Three-dimensional, that is. A layer of schmutz floating around a few feet in front of your nose while a movie plays behind it is not a reasonable simulation of our tactile physical universe. We can sit around arguing about the increasing quality of this floating schmutz in the digital age, but schmutz it remains–distracting bits of pollen hovering around our theaters. For a moment it amazes us, and then we struggle (consciously or not) to ignore it so we can focus on the story.
And the story is at the crux of this. 3D advocates point to early resistance to sound and color in the movies as proof that they are on the right track. But sound and color became crucial elements in cinematic storytelling. We’ve yet to see a 3D film where the floating schmutz is integral to the plot, and which could not be understood if you took the goofy glasses off. 3D is a gimmick, and has been since the days of the drive-in.
Poor Hollywood. The industry’s hopes and dreams were pinned to 3D. It was supposed to be a piracy-resistant bit of spectacle that would levitate teenagers out of their basements, away from their Playstations and smartphones and into movie theatres, where they would gladly pay a hefty surcharge on an already hefty ticket price for an “in-your-face” experience. 3D was also supposed to perpetuate the endless consumer gadget cycle, compelling overcompensating dads to ditch last year’s 52 inch HD LCDs for giant 3DTV flatscreens that let them bring the schmutz home. This in turn would propel the next wave of physical media sales, wherein we all would dump our DVD (or Bluray) collections at yard sales, replacing each classic flick with a new edition, digitally upschmutzed to 3D. George Lucas was moist with anticipation!

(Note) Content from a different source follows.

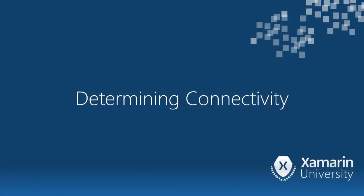Here we're going to talk about connectivity in a mobile app. We'll discuss some issues, we'll think about what the user experience should be, and we'll finish off with writing some code to determine your current network status.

In short, 3D was the last best hope for business as usual in both the entertainment and consumer electronic industries. A couple of years ago at CES, the massive electronics trade show in Vegas, 3DTVs were everywhere. A couple of years ago, Avatar made Hollywood salivate. But as CES 2012 gears up, the reality is sinking in: Consumers don’t really want 3D at home, and Avatar was a one-off. Sports fans are lukewarm on floating balls, and people feel ridiculous wearing those goofy glasses in well-lit living rooms where they can be seen by their friends and families. Even gamers who bought Nintendo 3Ds are tiring of the optical illusion and turning 3D off.
There are still a few (hundred million) bucks more to be squeezed out of 3D before consumers grow completely sick of the experience, so we will surely see a slew of schmutzy pictures in the months and years to come. And of course, there will be an Avatar 2.
But this thing is on the wane, and Hollywood may soon have to resort to actually producing movies people want to see on account of their content.
Or they could just bring back Smell-O-Vision.